What to do
For this exercise, the lines from the one with "Зоша Рокемор голая" through the end of the material below must be output exactly, without pictures.

____ Source material

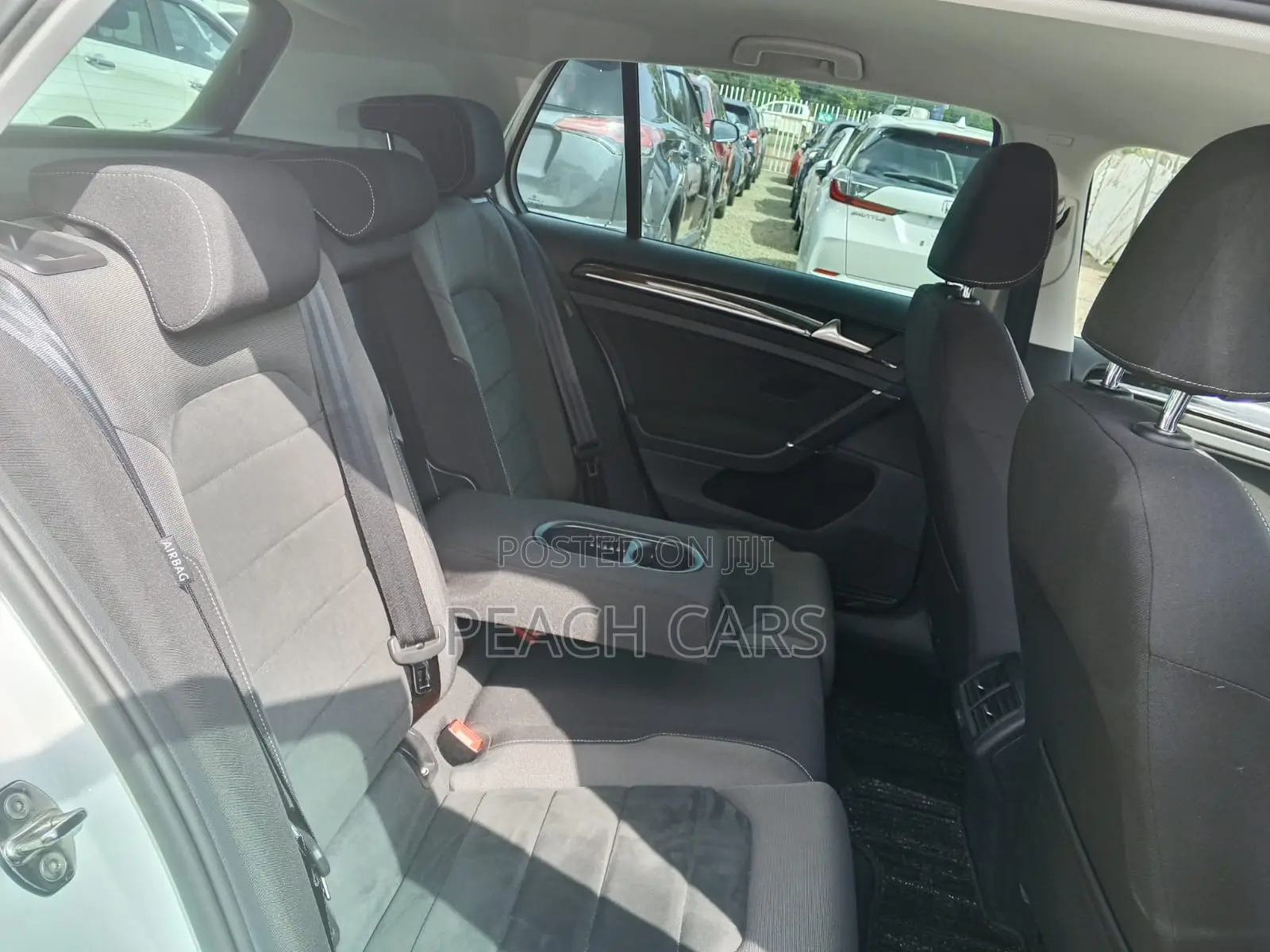 Volkswagen Golf 2019 White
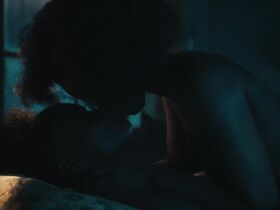 Зоша Рокемор голая – Умираю со смеху s02e04 (2018) #5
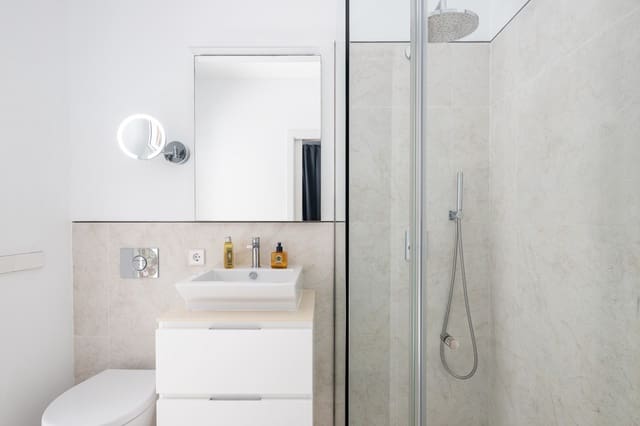 4 bedroom Villa for holiday rental in Marbella with pool garage - € 4,900 (Ref: 8715322)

________

Expected output
 Зоша Рокемор голая – Умираю со смеху s02e04 (2018) #5
 4 bedroom Villa for holiday rental in Marbella with pool garage - € 4,900 (Ref: 8715322)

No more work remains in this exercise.